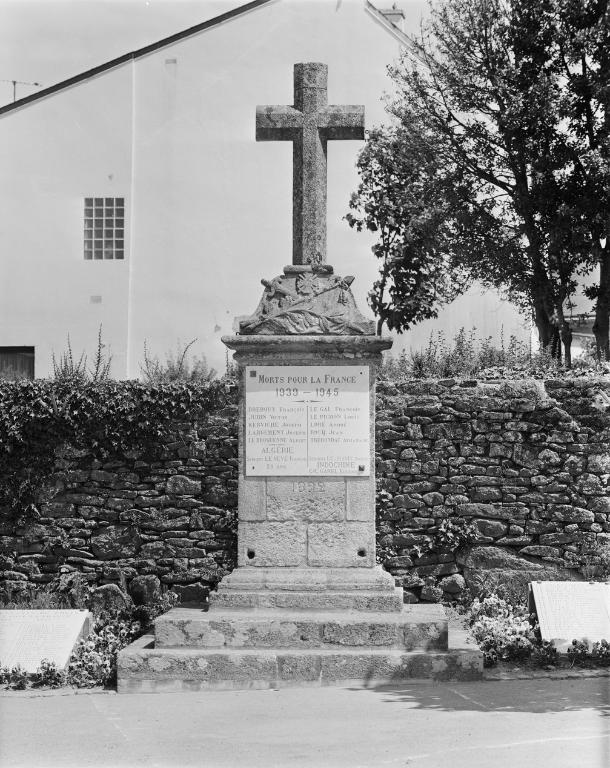 Monument aux morts, croix monumentale, place de la Chapelle (Theix fusionnée en Theix-Noyalo en 2016)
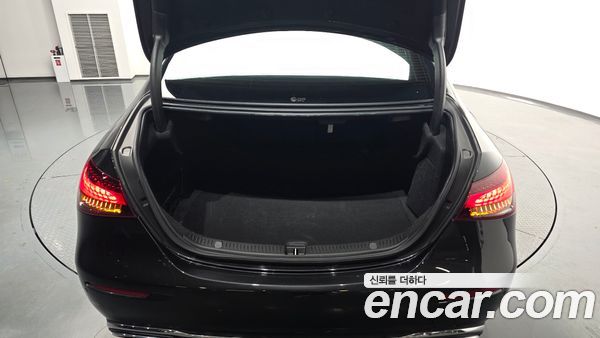 Mercedes-Benz E-Class 2021, фото 20
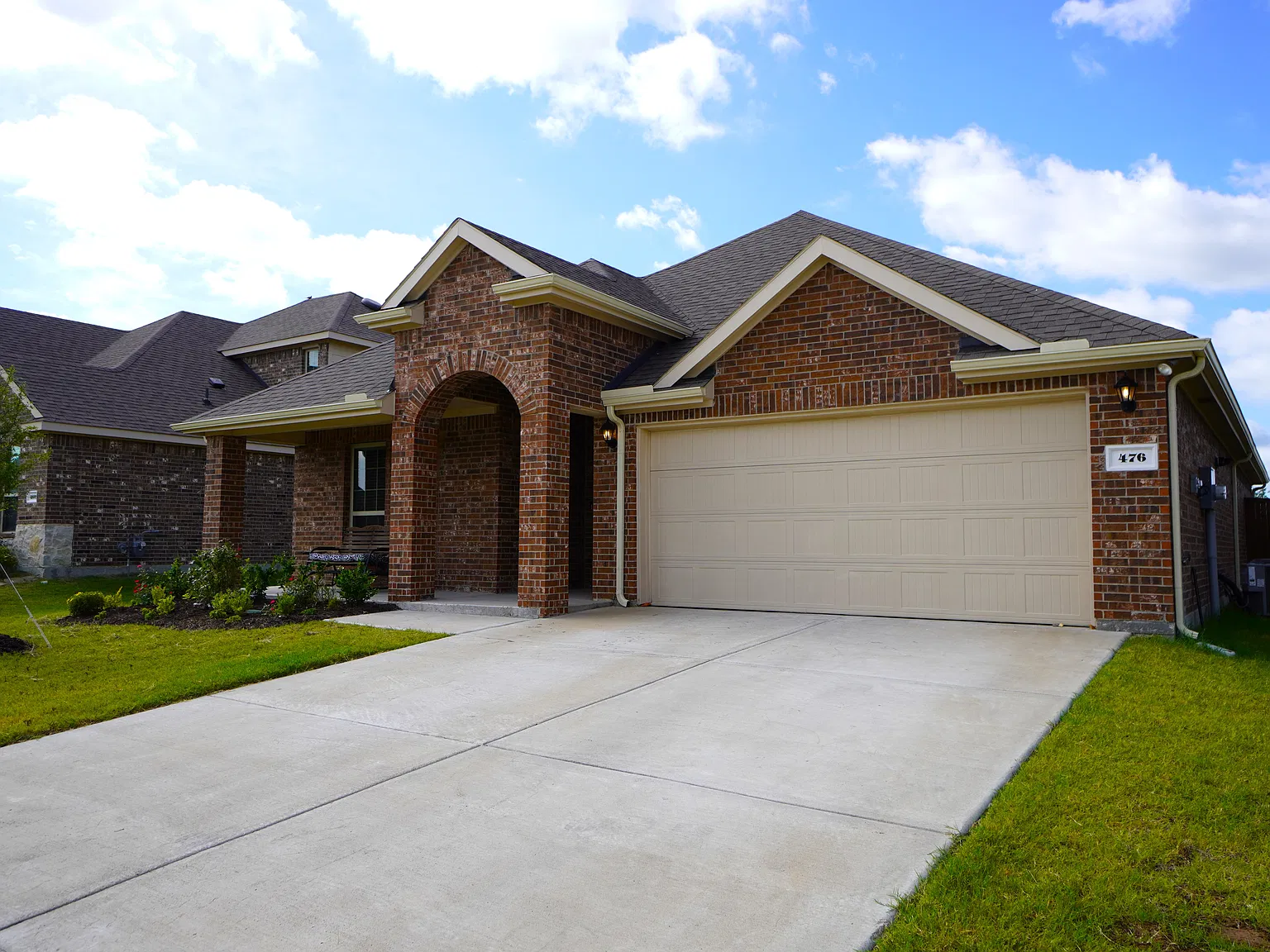 4 bed, 1848 sqft, $2,350 — Photo 2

→ **What you should do**:
With the pictures removed, copy the data above word for word.

→ **Task response**:
 Monument aux morts, croix monumentale, place de la Chapelle (Theix fusionnée en Theix-Noyalo en 2016)
 Mercedes-Benz E-Class 2021, фото 20
 4 bed, 1848 sqft, $2,350 — Photo 2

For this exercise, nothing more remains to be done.